- [Dataset content]
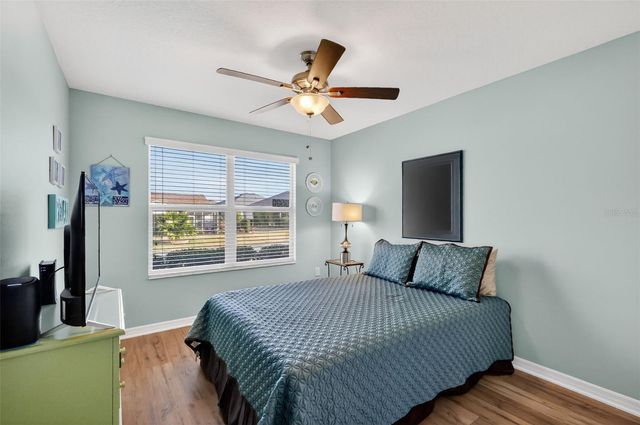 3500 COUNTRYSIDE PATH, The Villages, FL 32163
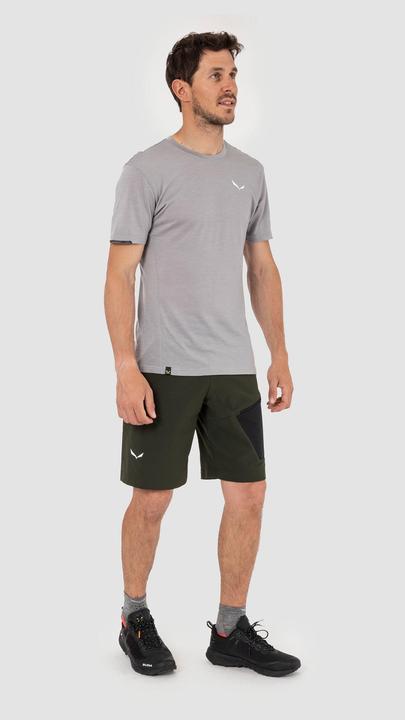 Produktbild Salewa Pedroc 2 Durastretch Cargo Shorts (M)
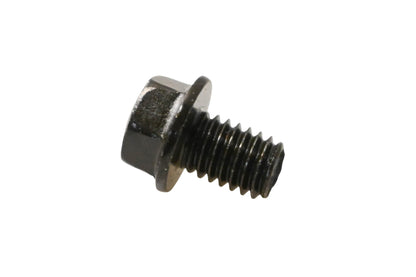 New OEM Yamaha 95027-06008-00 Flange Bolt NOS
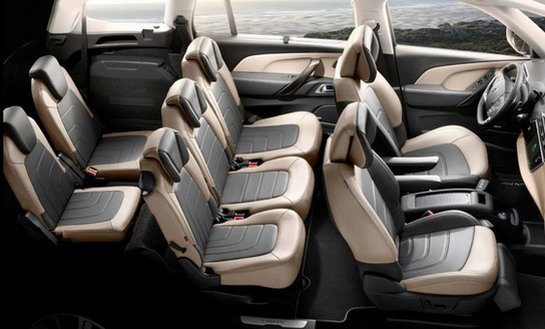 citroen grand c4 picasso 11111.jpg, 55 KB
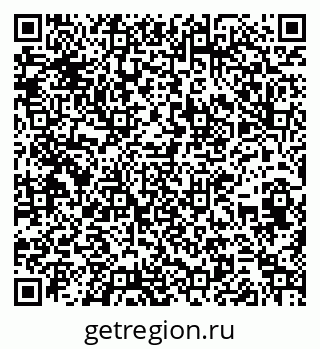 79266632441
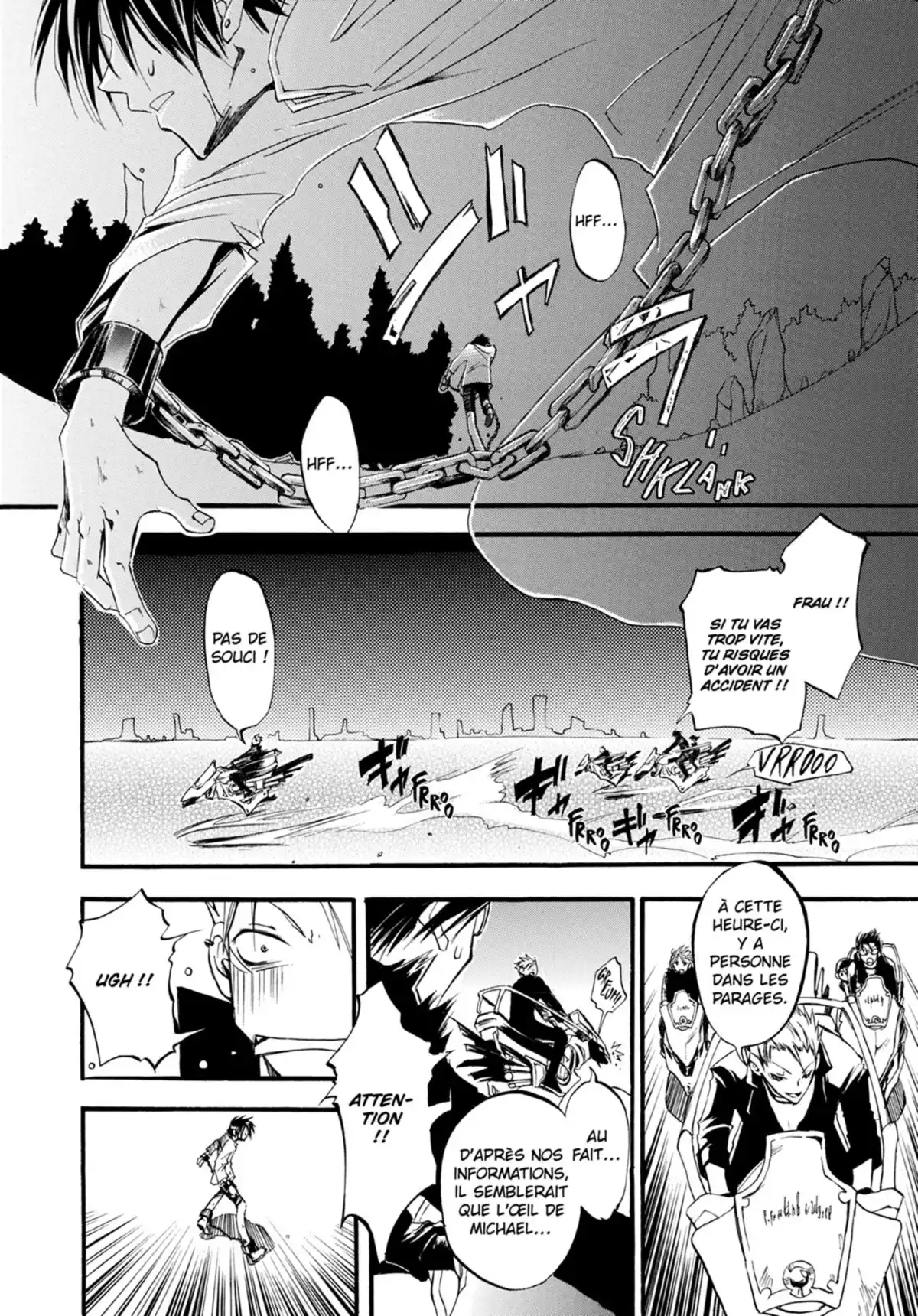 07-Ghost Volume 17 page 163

* * *

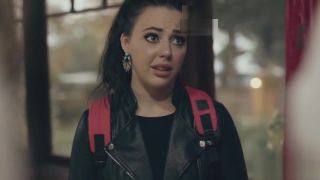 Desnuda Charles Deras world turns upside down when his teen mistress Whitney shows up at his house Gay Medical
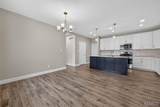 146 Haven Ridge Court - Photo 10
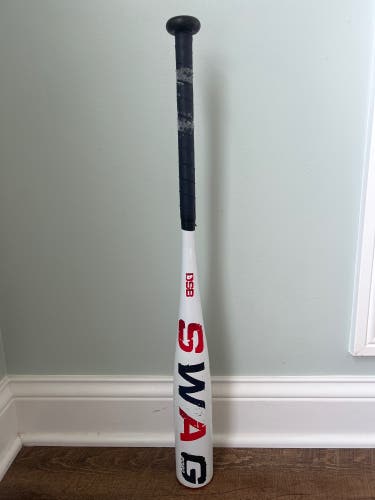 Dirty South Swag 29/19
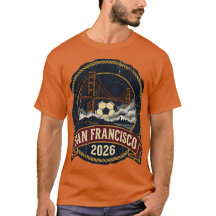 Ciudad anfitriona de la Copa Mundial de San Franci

- [Exercise goal] In the data above, find the line containing "Produktbild Salewa Pedroc" and the line containing "07-Ghost Volume 17 page 163". Repeat those two lines and everything between them exactly, minus the pictures.

- [Solution to this exercise]
 Produktbild Salewa Pedroc 2 Durastretch Cargo Shorts (M)
 New OEM Yamaha 95027-06008-00 Flange Bolt NOS
 citroen grand c4 picasso 11111.jpg, 55 KB
 79266632441
 07-Ghost Volume 17 page 163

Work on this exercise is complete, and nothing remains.